[[ MATERIAL SUPPLIED, beginning ]]

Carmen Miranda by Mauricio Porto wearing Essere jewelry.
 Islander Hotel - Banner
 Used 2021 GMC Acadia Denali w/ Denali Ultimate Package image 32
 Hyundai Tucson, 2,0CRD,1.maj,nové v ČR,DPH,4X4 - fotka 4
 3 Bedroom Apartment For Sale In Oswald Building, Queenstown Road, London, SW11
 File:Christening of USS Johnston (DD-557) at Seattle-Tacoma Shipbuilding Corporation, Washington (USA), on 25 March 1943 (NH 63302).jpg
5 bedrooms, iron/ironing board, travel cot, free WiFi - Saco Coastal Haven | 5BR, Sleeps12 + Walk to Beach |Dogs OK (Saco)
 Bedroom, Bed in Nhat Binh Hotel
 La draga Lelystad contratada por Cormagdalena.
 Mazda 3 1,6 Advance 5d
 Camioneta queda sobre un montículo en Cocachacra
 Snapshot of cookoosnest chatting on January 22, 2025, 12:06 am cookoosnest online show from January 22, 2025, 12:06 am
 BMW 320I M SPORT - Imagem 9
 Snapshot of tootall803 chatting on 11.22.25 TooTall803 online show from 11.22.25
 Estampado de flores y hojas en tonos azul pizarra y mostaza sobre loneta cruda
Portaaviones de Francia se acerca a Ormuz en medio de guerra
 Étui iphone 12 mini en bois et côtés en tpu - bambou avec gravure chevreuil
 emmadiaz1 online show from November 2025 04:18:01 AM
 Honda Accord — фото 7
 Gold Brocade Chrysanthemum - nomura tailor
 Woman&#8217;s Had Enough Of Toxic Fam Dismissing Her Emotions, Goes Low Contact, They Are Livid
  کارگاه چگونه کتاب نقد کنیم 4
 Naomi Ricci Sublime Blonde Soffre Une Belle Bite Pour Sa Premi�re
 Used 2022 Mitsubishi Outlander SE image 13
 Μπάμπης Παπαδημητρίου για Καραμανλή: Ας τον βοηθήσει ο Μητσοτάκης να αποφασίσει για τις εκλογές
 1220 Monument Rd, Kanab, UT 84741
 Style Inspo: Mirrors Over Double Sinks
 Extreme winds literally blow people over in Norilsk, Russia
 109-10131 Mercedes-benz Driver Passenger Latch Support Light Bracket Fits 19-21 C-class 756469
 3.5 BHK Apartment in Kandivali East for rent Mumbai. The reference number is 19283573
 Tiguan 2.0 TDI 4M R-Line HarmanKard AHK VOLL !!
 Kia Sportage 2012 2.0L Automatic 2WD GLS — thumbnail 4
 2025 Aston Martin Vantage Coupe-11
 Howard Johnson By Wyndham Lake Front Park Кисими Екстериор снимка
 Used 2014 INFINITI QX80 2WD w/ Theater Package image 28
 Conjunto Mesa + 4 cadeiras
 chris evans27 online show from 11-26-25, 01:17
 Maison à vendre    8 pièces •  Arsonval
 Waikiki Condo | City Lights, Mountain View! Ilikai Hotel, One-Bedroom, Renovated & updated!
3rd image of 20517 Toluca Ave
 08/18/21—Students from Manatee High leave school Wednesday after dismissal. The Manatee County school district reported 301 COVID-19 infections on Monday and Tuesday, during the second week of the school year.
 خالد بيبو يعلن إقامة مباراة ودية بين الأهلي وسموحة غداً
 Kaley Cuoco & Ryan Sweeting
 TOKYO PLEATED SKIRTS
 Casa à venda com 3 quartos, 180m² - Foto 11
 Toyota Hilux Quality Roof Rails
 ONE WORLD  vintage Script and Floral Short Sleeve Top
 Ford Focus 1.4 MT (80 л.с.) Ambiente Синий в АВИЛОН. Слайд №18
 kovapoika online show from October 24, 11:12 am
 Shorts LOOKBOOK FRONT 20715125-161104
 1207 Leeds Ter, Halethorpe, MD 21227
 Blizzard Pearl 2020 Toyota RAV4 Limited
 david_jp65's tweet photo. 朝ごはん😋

[[ MATERIAL SUPPLIED, end ]]

PROBLEM REQUIREMENTS – Would you print exactly, and only, the lines of the data above from the line with "Extreme winds literally" through the line with "Tiguan 2.0 TDI", inclusive?

OUTPUT FOR THIS EXERCISE –
 Extreme winds literally blow people over in Norilsk, Russia
 109-10131 Mercedes-benz Driver Passenger Latch Support Light Bracket Fits 19-21 C-class 756469
 3.5 BHK Apartment in Kandivali East for rent Mumbai. The reference number is 19283573
 Tiguan 2.0 TDI 4M R-Line HarmanKard AHK VOLL !!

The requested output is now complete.